I'm the kind of person who reads academic research for fun; my brain naturally craves to acquire and apply new material, all the time.
This, I think, is why I make a good consultant, but this trait can make it difficult to explain "What I do for a living" to other people...because I pretty much want to do everything :)
So when the Gordon Research Conference Series popped up one night when I was doing research, I registered at once. In fact, I registered for two optic-related research conferences. Looks like that trip to see Hawaii will be waiting another year--whoops!
However, this is not without its own tropical feeling, I suppose. I feel like I stepped into the 40-foot deep end of the pool, but I am certain there are some interesting insights to be gained and applied from this field, as we seek to apply these finding to the world of Virtual and Augmented reality, visual therapies, assistive devices, computer-brain interfaces, androids, avatars, and game environments, just to name a few ideas.

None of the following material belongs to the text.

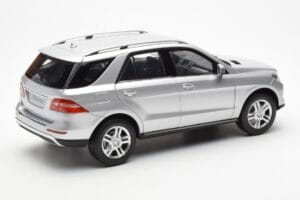 Mercedes M-Class W166 Iridium Hopea Metallic Minichamps 1:18 B66960064 Metalli — kuva 3 / 8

Fellow nerds, I encourage you to step out of your domain every now and then. Each field could greatly benefit from the findings of its fellow disciplines; that one little thread of discovery could be just the thing you've been seeking. A few observations and notes, thus far:
Of all the academians I've met, neuroscientists are the most generous in giving credit to the scientists who preceded them, and to their assistants and post-docs. It's really refreshing and sweet.
The visual response of parietal (motor) neurons is modulated by the position of the eye in its orbit.
Eye position is represented in the sensorimotor cortex (to be fair, I knew this already, but it leads to 4 below)
Oculomotor proprioception is necessary for spatial memory (this is very interesting to me, in the field of TBI, and points to the necessity of re-establishing this capability, post-injury)
In understood "dangerous" or stressful environments, the eye shows faster response times
In all cases, the eye moves faster towards good or "goal" objects
This to me implies that there is some larger detection system preceding the motor function of directing the eye to or from reward or punishment objects that does not require overt direction of gaze
Salience overrides the Hick-Hyman law
When testing memory, use non-verbalizable stimuli, for that may utilize a different (or additional) memory system. (Think abstract, geometrically complex Japanese crests instead of recognizable cartoon figures)
But where is "To be or not to be" stored in my brain? In my foggy memory (ha!) from my undergrad days, I remember this may go in the cortex and it gets deeper as the years wear on, but even so, how does that work, that they actually shift position, over time? And why does this occur?
Focal dystonia involves the basal ganglia, like Parkinson's, but dystonia is brought on by a dopamine deficit like Parkinson's is.
Parkinson's is not just about dopamine and the substantia nigra anymore. There are hypotheses floating around about the medial temporal lobe and seratonin, too.
If you have a Parkinson's patient walk across horizontal lines, they are able to lengthen their stride (this is pretty amazing, and makes me wonder if it's a depth perception issue, or some other visual processing issue)
In a Signal/Noise processing talk: "Signal= something we generally don't have control over."
But to counter that...more and more, I'm finding that the thalamus decides what the signal is, via its intermediate visual processing.